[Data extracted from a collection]
----------------
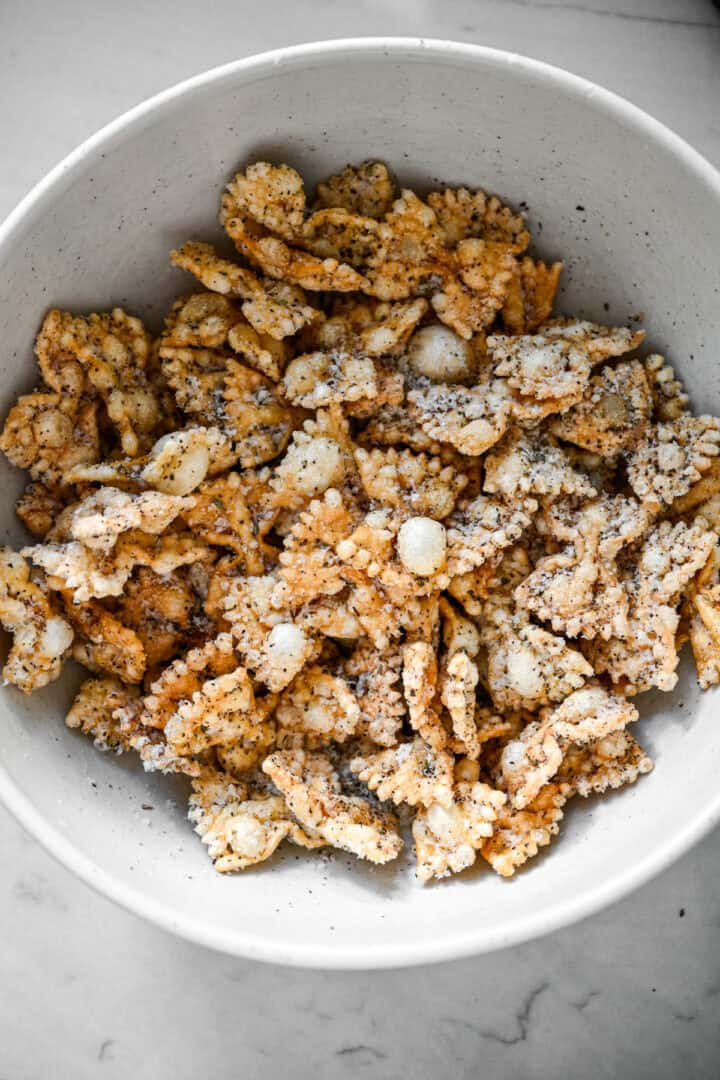 Overhead view of puffed pasta tossed with grated parmesan and black pepper in a white bowl.
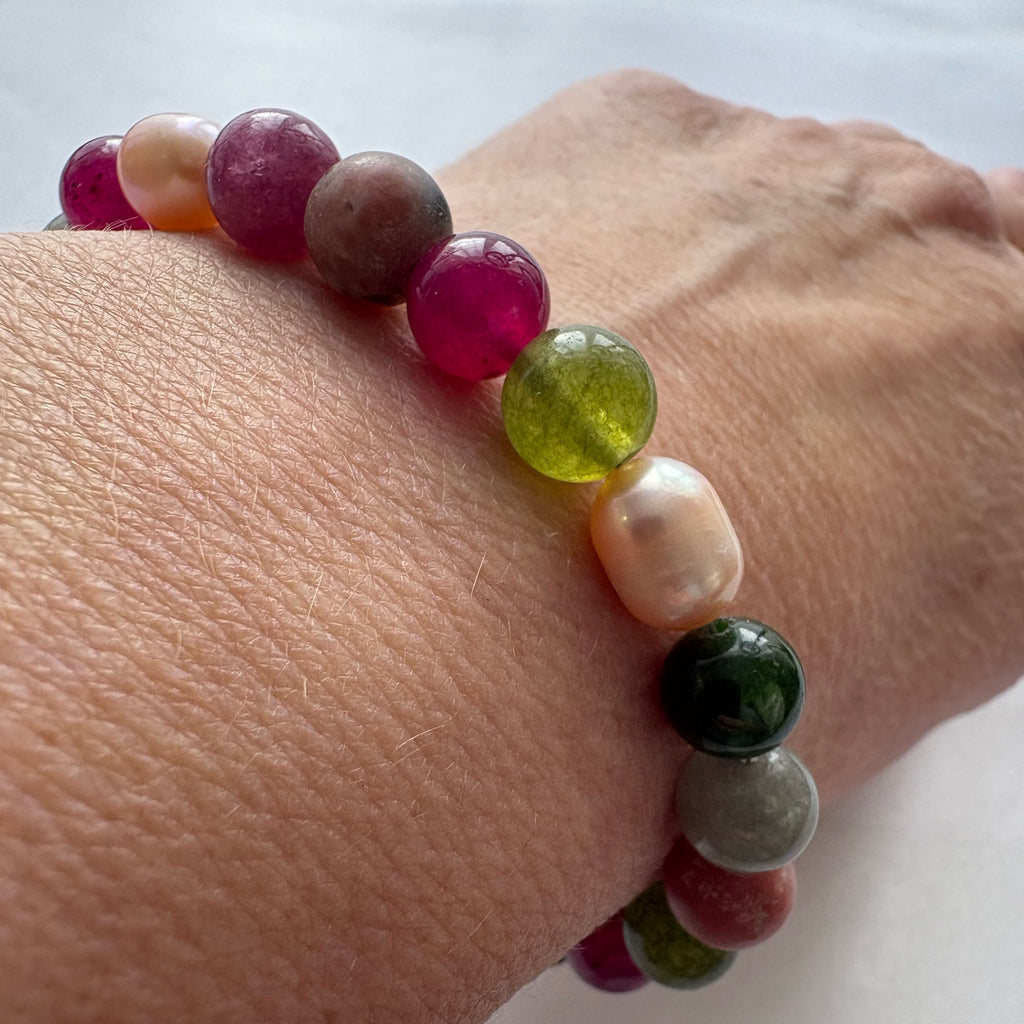 Close-up of a jasper, tourmaline and baroque pearl bracelet worn on a wrist, showing translucent magenta and olive-green beads beside a lustrous blush pearl, deep green stones and muted grey jasper.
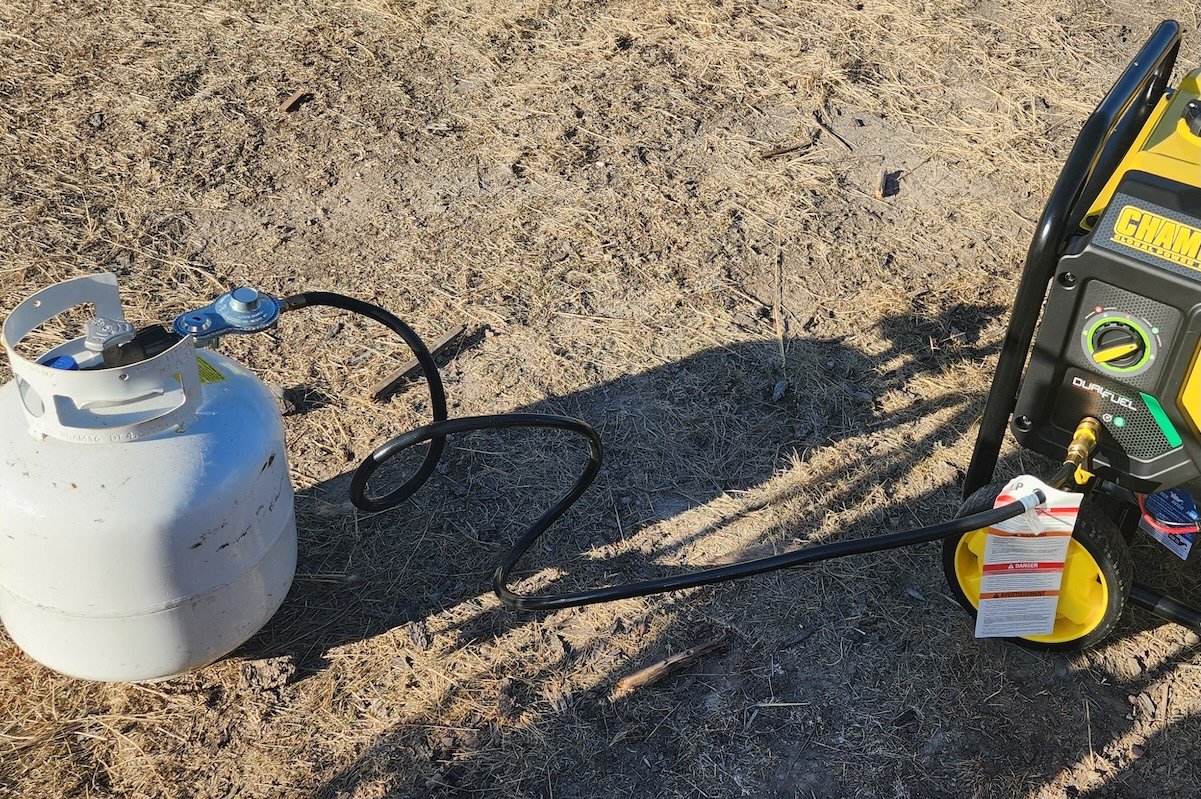 Propane tank attached to a yellow and black portable Champion generator.
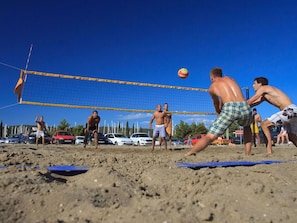 A beach volleyball game with players in shorts and no shirts, a blue net, and cars parked in the background.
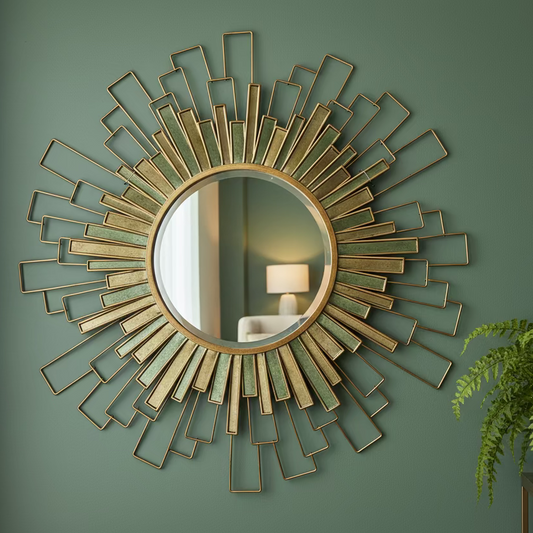 Decorative wall mirror with geometric design on a green wall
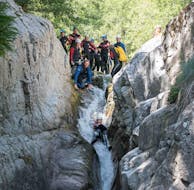 A canyoning enthusiast is going down a natural slide during their Canyoning "Discovery Day" - Canyon de la Haute Borne with Les Intraterrestres.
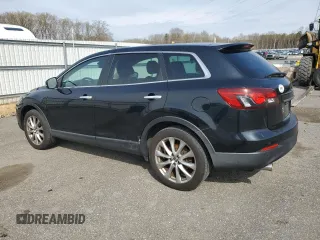 2014 Mazda CX-9 Grand Touring with VIN JM3TB3DV8E0428962, listed as a Copart auction lot 52512545 with 104,819 mi miles and Clean Title. Bid and sale history available at DreamBid. Image 2.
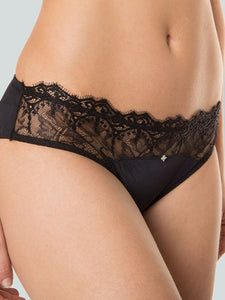 Encasing your figure with  allure, the Tessa brief captivates with its flirtatious embrace. Embellished with subtle ouvert detailing, adorned with gentle scalloping edges, the conditioned Italian soft-touch fabric and beautiful sheer lace conspire to create a mysterious illusion.                Seduction and comfort in a classic style.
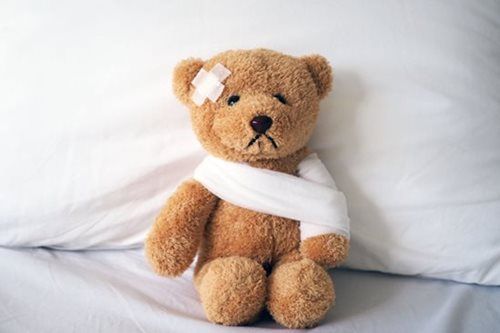 Brown teddy bear with a bandage on its head and a white sling, sitting against a white pillow.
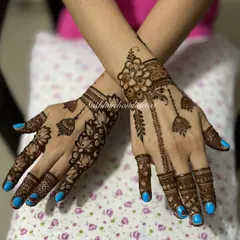 A beautiful jewelry-style mehndi with hanging jhumkas and lotus flowers. The blue nail polish makes the henna design stand out.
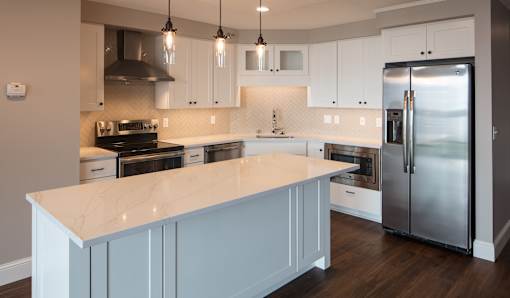 A kitchen with a marble countertop and stainless steel appliances.
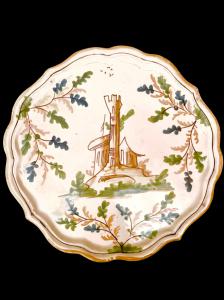 Alzata in maiolica decorata con motivi vegetali stilizzati ed elementi architettonici. Pavia.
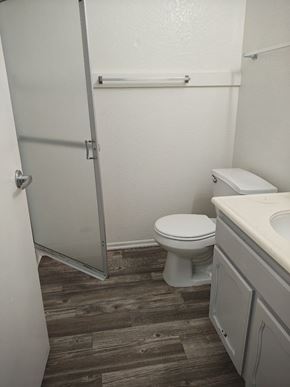 Yucaipa apartment for rent - A white toilet sits in a bathroom next to a sink.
----------------
Reproduce the entries exactly. Do not carry over any picture.

 Overhead view of puffed pasta tossed with grated parmesan and black pepper in a white bowl.
 Close-up of a jasper, tourmaline and baroque pearl bracelet worn on a wrist, showing translucent magenta and olive-green beads beside a lustrous blush pearl, deep green stones and muted grey jasper.
 Propane tank attached to a yellow and black portable Champion generator.
 A beach volleyball game with players in shorts and no shirts, a blue net, and cars parked in the background.
 Decorative wall mirror with geometric design on a green wall
 A canyoning enthusiast is going down a natural slide during their Canyoning "Discovery Day" - Canyon de la Haute Borne with Les Intraterrestres.
 2014 Mazda CX-9 Grand Touring with VIN JM3TB3DV8E0428962, listed as a Copart auction lot 52512545 with 104,819 mi miles and Clean Title. Bid and sale history available at DreamBid. Image 2.
 Encasing your figure with  allure, the Tessa brief captivates with its flirtatious embrace. Embellished with subtle ouvert detailing, adorned with gentle scalloping edges, the conditioned Italian soft-touch fabric and beautiful sheer lace conspire to create a mysterious illusion.                Seduction and comfort in a classic style.
 Brown teddy bear with a bandage on its head and a white sling, sitting against a white pillow.
 A beautiful jewelry-style mehndi with hanging jhumkas and lotus flowers. The blue nail polish makes the henna design stand out.
 A kitchen with a marble countertop and stainless steel appliances.
 Alzata in maiolica decorata con motivi vegetali stilizzati ed elementi architettonici. Pavia.
 Yucaipa apartment for rent - A white toilet sits in a bathroom next to a sink.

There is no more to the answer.